The central finding of this study is that the EPSP amplitude shows no relation to the type of spike firing output that is generated by Purkinje cells. Instead, whether individual spikes or spike bursts are fired depends on the modulatory state of SK2 channels. From a mechanistic perspective, a prediction resulting from this observation is that learning/plasticity-related changes in EPSP amplitude (as in LTP) will be less efficient in driving spike burst firing than activity-dependent SK2 channel plasticity, a phenomenon that we have previously described in Purkinje cells (Belmeguenai et al., 2010, Ohtsuki et al., 2012, Grasselli et al., 2016).

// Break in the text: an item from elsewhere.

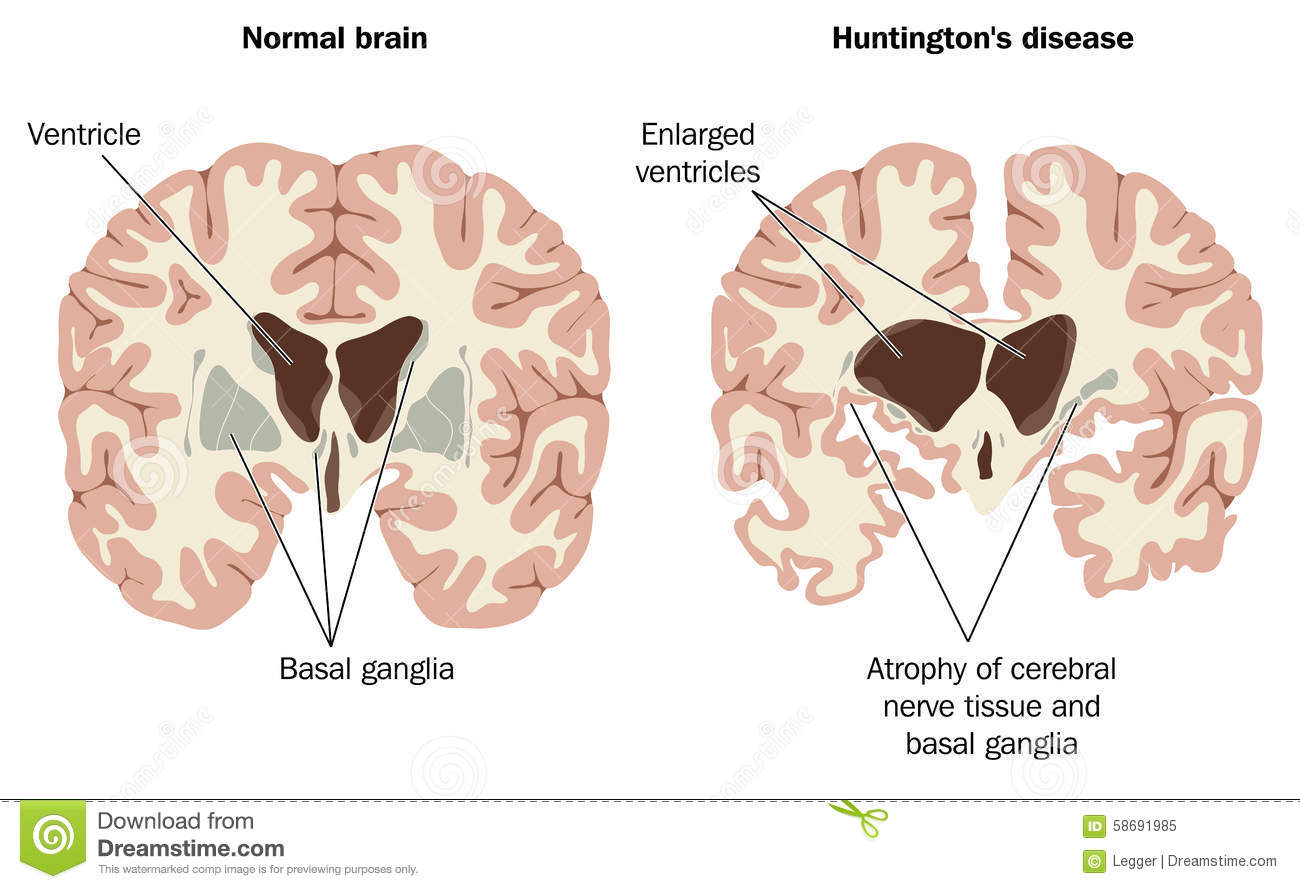 8 Different types of dementia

Our findings are in line with the hypothesis that synaptic plasticity largely plays a role in establishing synaptic connectivity maps, whereas non-synaptic plasticity regulates spike firing in neurons (Titley et al., 2017).

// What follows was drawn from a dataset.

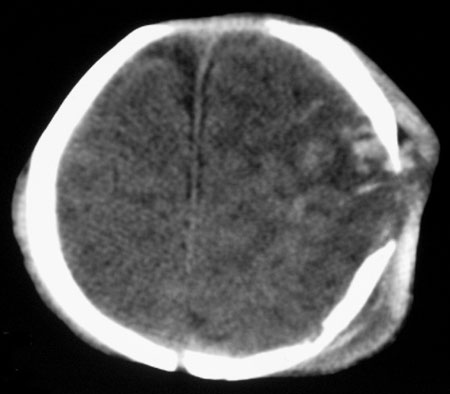 Imagen de CT de la cabeza de un niño que muestra una fractura de cráneo.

Spike bursts are a particularly relevant output signal of Purkinje cells as they efficiently initiate hyperpolarization in cerebellar nuclei neurons, which may drive rebound activity and spike firing (for discussion, see Aizenman and Linden, 1999, Telgkamp and Raman, 2002, Alvina et al., 2008, Person and Raman, 2012, Dykstra et al., 2016). In contrast, the addition or removal of individual spikes is likely to remain inconsequential for signal propagation from the cerebellar cortex to the nuclei. The particularly low AHP values (−0.85 mV on average) measured when 3–6 spikes were evoked, in addition to the observation that in all but one cell these bursts emerged after SK2 channel-dependent intrinsic plasticity, or application of the SK channel blocker apamin, suggest that burst firing is gated by a downregulation of SK channels. A similar gating function of calcium-dependent K+ conductances has been predicted based on studies of a realistic Purkinje cell computer model (De Schutter, 1998; note that in hippocampal CA2 pyramidal neurons gating by dendritic Na+ spikes has been observed; Sun et al., 2014). Our findings provide experimental support for this suggestion. A scenario emerges in which synapses convey specific information content to neurons and provide synaptic drive to initiate spike firing, whereas intrinsic plasticity affects the ability of a neuron to influence signal propagation within its respective neural circuit, possibly in the absence of accompanying changes in synaptic weight (see Titley et al., 2017).

Methods

All methods can be found in the accompanying Transparent Methods supplemental file.